A cloud of rats comes over the hill,
backlit by the purple haze of a strange dawn. They run straight for
us. “It’s amazing that this plague of rats is all part of David
Ronel’s plan,” I say.

Harmon shakes the rod. “And I told you
what else this stick can do.”

We walk through the roiling mess of
animals, some as large as cats, and though they show off shining
incisors and mouth our ankles they don’t do us any real harm at all
thanks to how Harmon has lowered the pitch of the humming rod.
They’re as annoying as buzzing flies. We reach the first of the
slum streets and the rats run off to torment those walking toward
the capitol grounds. I direct Harmon down the B streets and head
for Lydia’s–the only place I want to be.

* * *

Mr. Luna leaned on both Lydia and
Barrett and hobbled the last half mile. Something happened as the
sun came up and people started venturing out into the streets and
yards. Rats, small and large, healthy and crippled, young and old,
converged on Exodia from every direction. Lydia’s heart was in her
throat and Barrett was feeling the same anxiety. Always before the
rats had kept to garbage dumps and were seen mostly at night. To
see so many in the bright morning sunlight disturbed both of
them.

Mr. Luna mumbled, “It was in the stars.
It was in the stars. Don’t be afraid.”

The rats snapped at them, tore at their
pants, jumped on them, and scratched their legs with claw or
tooth.

Lydia kicked them away from herself and
Mr. Luna. Barrett reached in his belt sack for a knife, bent down
and jabbed at the boldest ones. Some ran off, but some he managed
to kill. The remaining rats turned their attention to the dead and
dying.


One more block,” Lydia
said. They stepped it up and when the house was in sight they began
to yell for Mira, Katie, and Kassandra. Mr. Luna drew on what
reserve strength he had at the sound of his daughters’ names.
Barrett kept four rats at bay as Lydia and Mr. Luna slipped through
the side door, but as Barrett entered a small one stole in between
his legs.


Catch it!”

Kassandra raised the baby over her
head, Katie screamed, and Mira grabbed the rat by its tail and ran
to the other door to toss it out.


What is going on?” she
shouted as she returned. She stopped short and closed her mouth at
the scene in the kitchen. The bedraggled man that Lydia had pushed
into the kitchen stood with his arms around the sisters, weeping
and praising God.

Barrett explained the rescue to Mira,
trying to speak over the happy sounds of the reunion. By the time
he finished, those happy cries had turned to wails as Katie poured
out the gruesome truth.

Mira, Barrett, and Lydia moved into the
living room. The cries from the kitchen were much worse than the
squealing chaos outside.


What’s with these rodents?”
Mira asked.

Barrett shrugged. He had no idea what
had made the rats get so bold.


Maybe it’s because of the
bad water.”

Lydia went to the window and watched as
more rats gathered. She could see three or four at each neighbor’s
door. Squeaking. Aggressively chewing. Clawing. Gnawing. As far
down the street as she could see there were packs spreading out in
every direction, hundreds more than they had encountered coming
through the slum.


How can anyone go
anywhere?” she mumbled. She saw two men striding down the middle of
the street, the nipping rats running back and forth around them but
giving them a measure of free space on every side, as if there were
a force field enveloping them. She gasped and glanced quickly
toward the kitchen. She whispered to Mira and Barrett,
“Look.”

* * *

I enter first and then Harmon. He keeps
his hand outside holding the long staff downward which keeps the
rats away from us. He slips the rod through the last inch and slams
the door. Instantly he stops the rod’s humming, but there are
stranger sounds now, sobs and stuttering sighs.

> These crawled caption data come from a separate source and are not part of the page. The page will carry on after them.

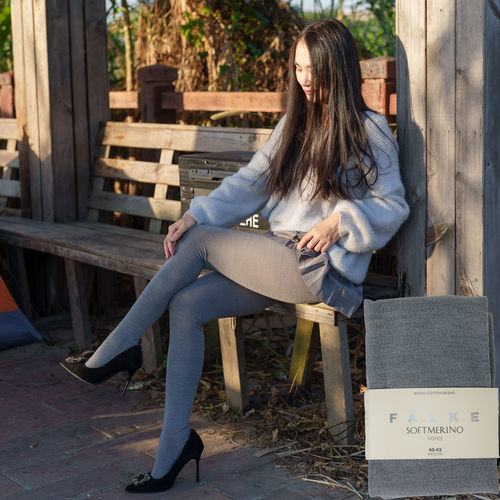 FALKEsoftmerino羊毛袜48425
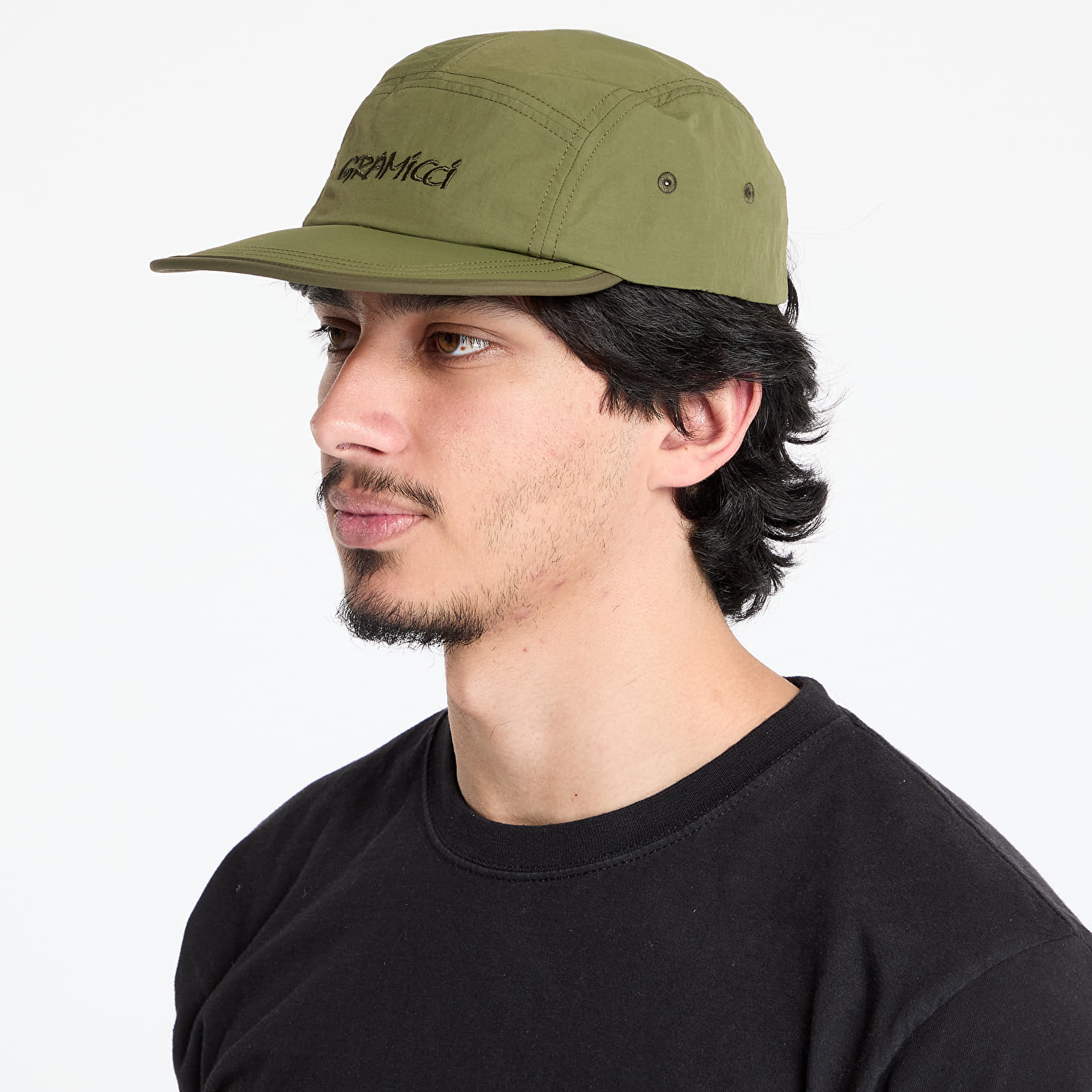 Sapkák Gramicci Nylon Gramicci Cap Olive/ Dark Olive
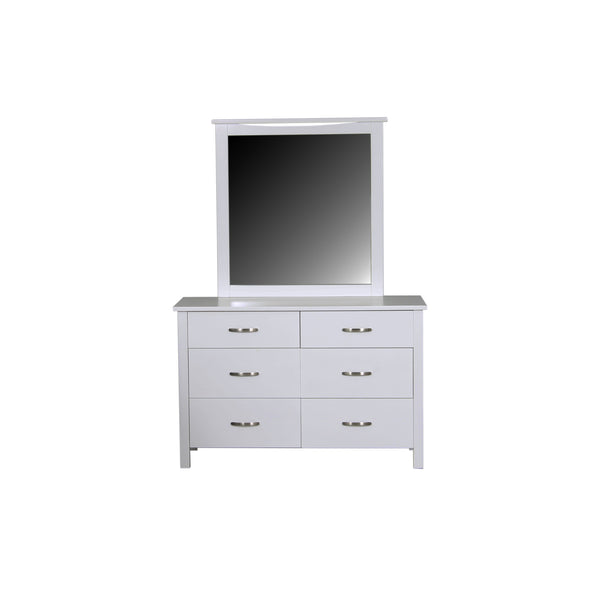 Patty 6 Dresser with Mirror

I see Lydia first, her face etched in
fear, but her eyes soft with relief. Mira stands next to her, arms
crossed against her chest. Her expression is unreadable. Harmon
gives me a little push and I step fully into the room. My
father-in-law is collapsed against Katie and Kassandra. They pull
apart and I see Gresham, nearly crushed against Kassandra’s side,
looking twice as big as the last time I saw him.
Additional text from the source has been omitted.